Process of building COQA


  • Find a medium-size open KB that is suitable for a final year project. Around 1 million will be the right size.

  • Adapt the current canonicalization code to build a canonicalized KB, which is written mainly in Java. The main area that we are aspired to improve is the similarity function. We will try to plug in various of contextual factors inside the similarity function, implementing various approximation method, in hope of making the clustering process accurate as well as efficient.

  • Build a QA system on top of the canonicalized KB. The current QA systems need to be adjusted for it to apply on canonicalized KB, which has totally different feature vectors. Various machine learning methods and fine-tuning will also be investigated, in hope of improving its probability to select out the most suitable matching assertion. This part will probably be written in Python.

  • Implement a automatic populater which can populate the KB automatically, based on the linking of current assertions as well as natural language processing to deal with sentence semantics.

  • Investigate different parsing methods to improve the probability of right parsing of the proposed question.

Evaluation metrics

As has been stated above, applying canonicalization is mainly for improving the performance of QA system. To see the degree to which the performance has been improved, we will need some evaluation metrics to compare the performance of OQA and our product COQA. We will mainly use the following metrics.

  • Recall reflects the overall ability of our QA system to answer various questions across different domains.

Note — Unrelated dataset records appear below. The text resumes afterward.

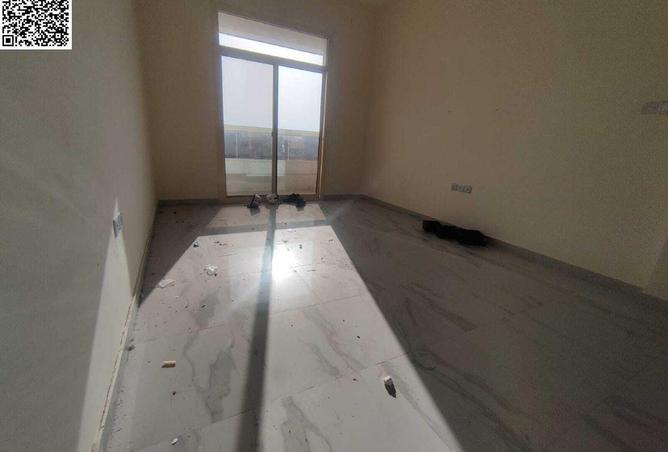 90491692 - Property Image 3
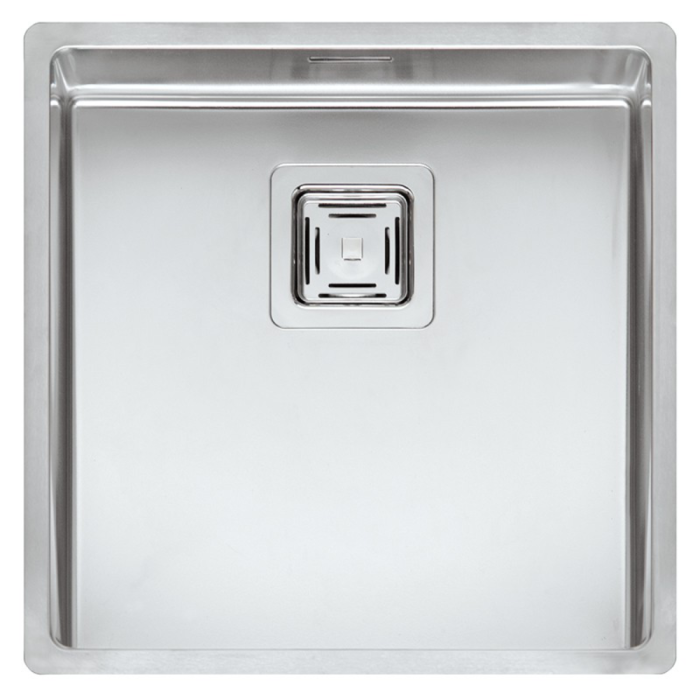 Keittiöallas Reginox Texas 40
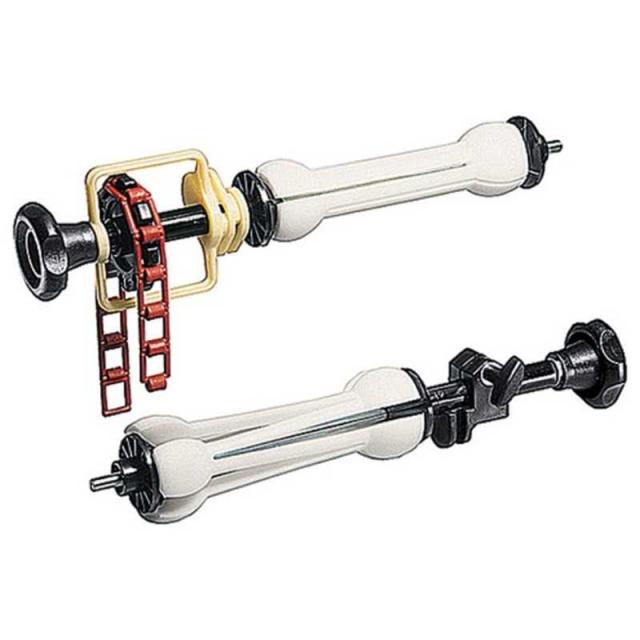 SHARP BD-NT1 ブルーレイディスクレコーダー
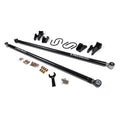 Recoil Traction Bar Kit
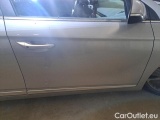  Hyundai   Ioniq 1.6 PLUG-IN EXECUTIVE #31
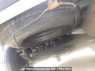 Used 2016 AT toyota succeed-van NCP160V Image[36]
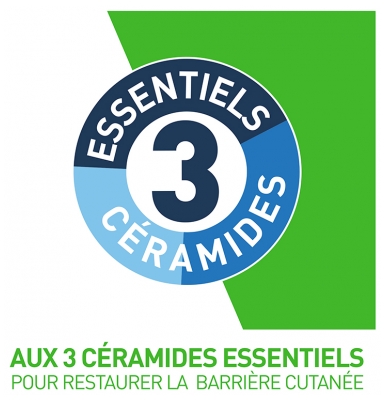 CeraVe Eau Micellaire 295 ml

A high recall requires the breadth of knowledge of the underlying KB, and therefore this is where existing curated KB-QA systems consistently underperformed. It also requires our COQA system to parse questions correctly to form the representative queries.

  • Precision factors in all questions answered by the QA system and determines how precise these answers are. Precision is the main weakness of an uncanonicalized open KB compared with curated KBs in question-answering tasks, due to the large amount of noisy data a raw open KB normally contains. In this project, precision will reflect the effectiveness of our canonicalization approach. A high precision is also highly dependent on correct training of the machine learning model to rank results.

  • F1 Score is the harmonic average of precision and recall, ranging from 0 to 1. F1 score seeks a balance between recall and precision. Essentially, one of the goals we set out to achieve with a canonicalized open KB (instead of a curated KB) is to balance more data (completeness, favoring recall) with better data (correctness, favoring precision). Theoretically, canonicalization is expected to improve both recall and precision up to a certain level. Beyond that level, a higher recall may come at the expense of a lower precision, and vice versa. This recall/precision trade-off will be carefully studied in order to reach a reasonable compromise between the two.

Our team will first focus on achieving a high recall, to make sure our system can answer a grand scope of questions. We will then try to improve the precision by improving every step from question parsing to result ranking. The combined improvement of recall and precision is believed to give us a huge improvement in terms of F1 score.